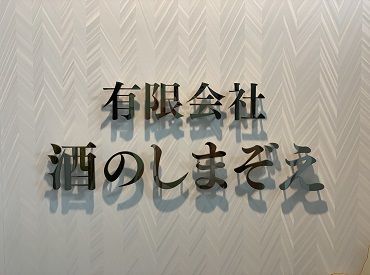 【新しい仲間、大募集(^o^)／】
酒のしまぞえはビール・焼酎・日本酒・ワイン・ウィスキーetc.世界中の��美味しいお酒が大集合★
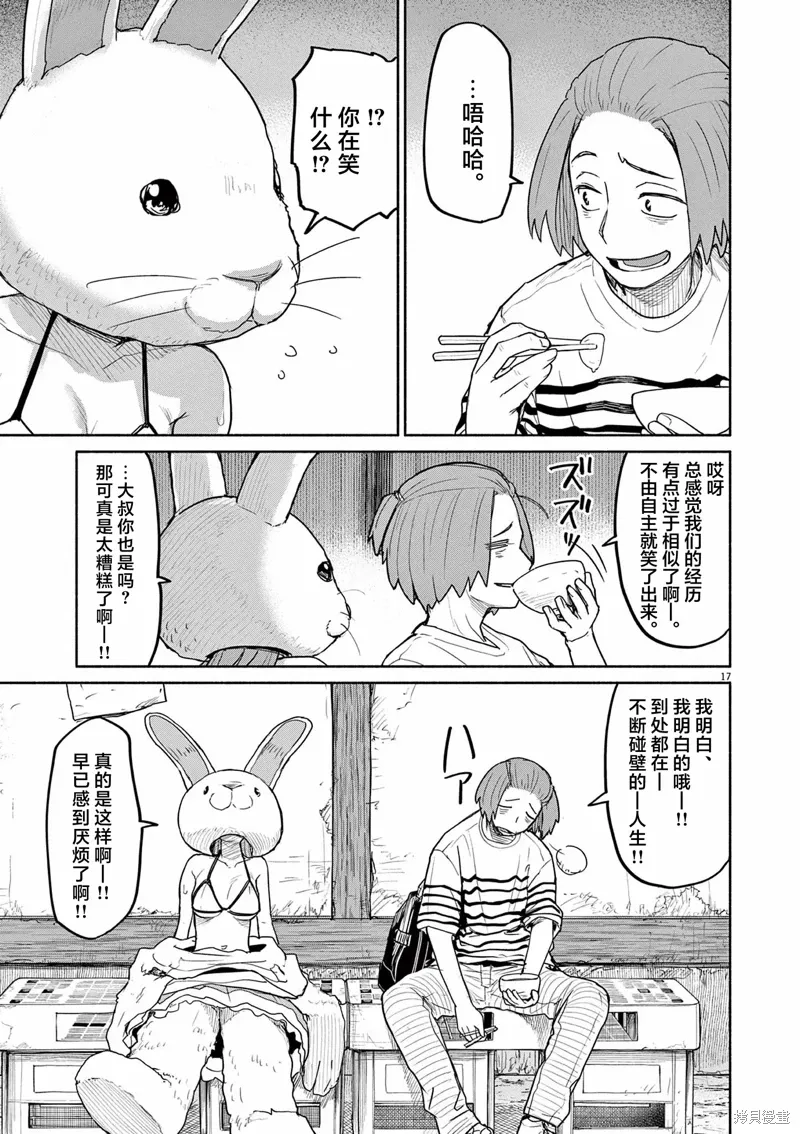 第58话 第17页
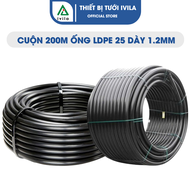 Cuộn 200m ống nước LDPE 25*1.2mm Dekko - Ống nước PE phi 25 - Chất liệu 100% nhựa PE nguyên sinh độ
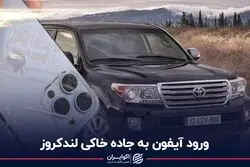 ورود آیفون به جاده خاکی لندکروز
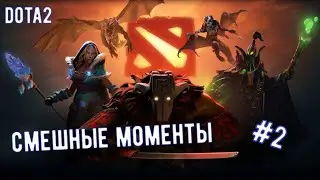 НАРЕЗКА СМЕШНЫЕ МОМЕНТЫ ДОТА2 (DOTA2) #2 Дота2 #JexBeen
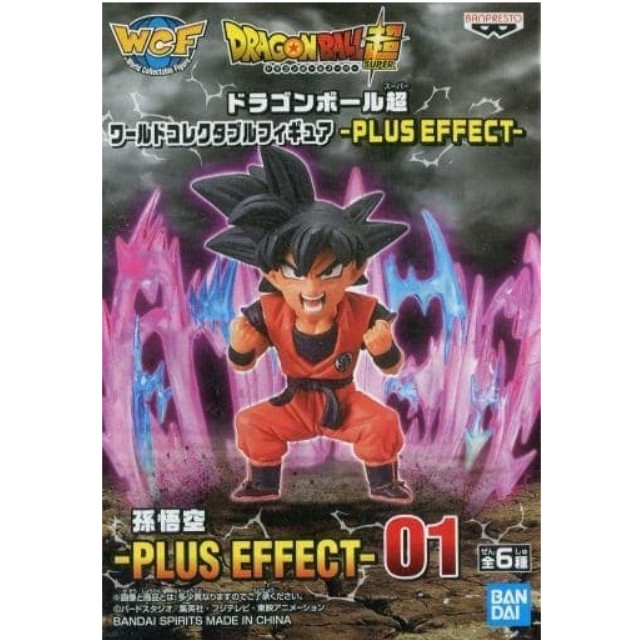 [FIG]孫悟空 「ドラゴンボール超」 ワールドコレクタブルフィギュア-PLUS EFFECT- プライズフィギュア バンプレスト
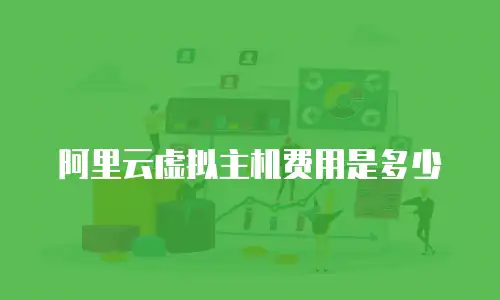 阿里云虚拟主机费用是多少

Instructions for the task » From first line to last, return the records verbatim without their pictures.

Exercise result »
 【新しい仲間、大募集(^o^)／】
酒のしまぞえはビール・焼酎・日本酒・ワイン・ウィスキーetc.世界中の��美味しいお酒が大集合★
 第58话 第17页
 Cuộn 200m ống nước LDPE 25*1.2mm Dekko - Ống nước PE phi 25 - Chất liệu 100% nhựa PE nguyên sinh độ
 ورود آیفون به جاده خاکی لندکروز
 НАРЕЗКА СМЕШНЫЕ МОМЕНТЫ ДОТА2 (DOTA2) #2 Дота2 #JexBeen
 [FIG]孫悟空 「ドラゴンボール超」 ワールドコレクタブルフィギュア-PLUS EFFECT- プライズフィギュア バンプレスト
 阿里云虚拟主机费用是多少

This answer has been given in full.